The independent members of the board of directors of Wells Fargo and Co. announced on Sept. 27 that they have decided to launch an impartial investigation on the illegal and fraudulent practices alleged by Gary Hefler in his lawsuit against the company. The independent directors said the accusations have alarmed the members of the board and the entire company.

The board appointed a special committee to conduct the internal investigation. The group will work alongside the human resources committee to cross-check the information on the employees named in the lawsuit. In addition to the two committees, the board also sought the services of Shearman & Sterling as its independent counsel.

Stephen Sanger, the lead independent director of the independent members of the board at Wells Fargo, said that the allegations are causing deep concern among the company’s employees and shareholders. To ensure that the integrity of the corporation remains intact, they have resolved to conduct a meticulous investigation on the allegations. If the accusations are proven to be true, then the independent board will not hesitate to impose the necessary penalties.

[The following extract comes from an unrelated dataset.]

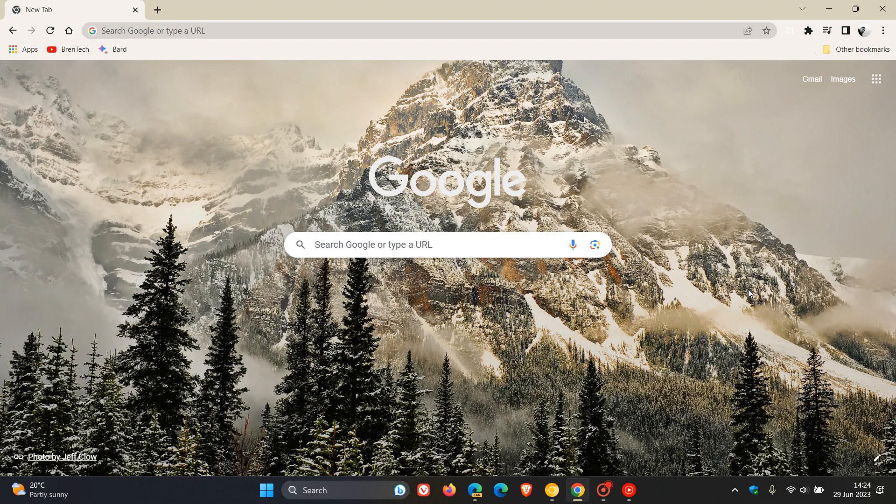So Google Chrome for desktop has a tab search feature, which is located here to the top right of the browser, as many of you will know, which is this little upside down chevron.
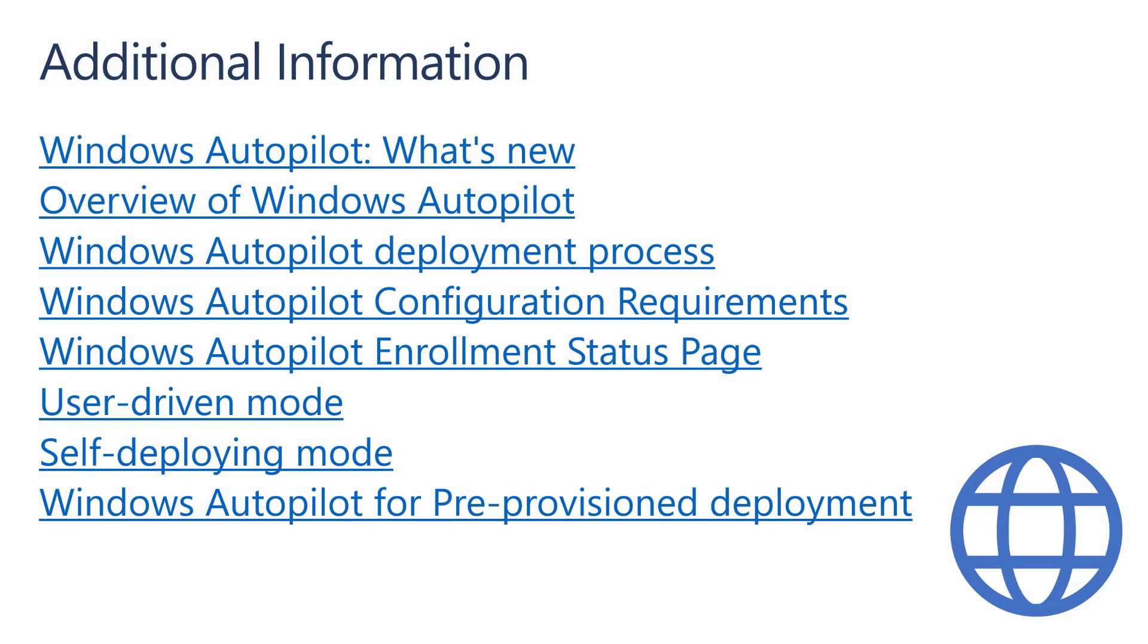Here are some additional links, which expands on the concepts that we've covered during this video series to help you with your Windows Autopilot learning journey.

“We are deeply concerned by these matters, and we are committed to ensuring that all aspects of the company’s business are conducted with integrity, transparency, and oversight,” Sanger said in an official statement on the scandal.

“We will conduct this investigation with the diligence it deserves — and will follow the facts wherever they lead. Our thousands of outstanding team members and millions of loyal customers and shareholders deserve no less."

Wells Fargo faced backlash over the accusations made by Hefler, who says the bank forced its employees to open 2 million account and credit cards under the names of its customers without the consent and knowledge of the latter.

Upon learning of these allegations, which date back to 2011, the Consumer Financial Protection Bureau hit the corporation with $185 million in fines and the bank dismissed 5,300 bank employees.

"Based on the results of the investigation, the independent members of the board will take such other actions as they collectively deem appropriate, which may include further compensation actions before any additional equity awards vest or bonus decisions are made early next year, clawbacks of compensation already paid out, and other employment-related actions," Sanger said.

Sanger further guaranteed the public that the board aims to provide solutions and answers as soon as possible to put an immediate end to the controversy. He also assured that the company is committed to preserving the values of Wells Fargo especially in terms of following only ethical practices in their business. Sanger added that the issue at hand has encouraged them to look into ways to improve the guidelines of the company.

“We will proceed with a sense of urgency but will take the time we need to conduct a thorough investigation," Sanger said in the statement. "We will then take all appropriate actions to reinforce the right culture and ensure that lessons are learned, misconduct is addressed, and systems and processes are improved so there can be no repetition of similar conduct."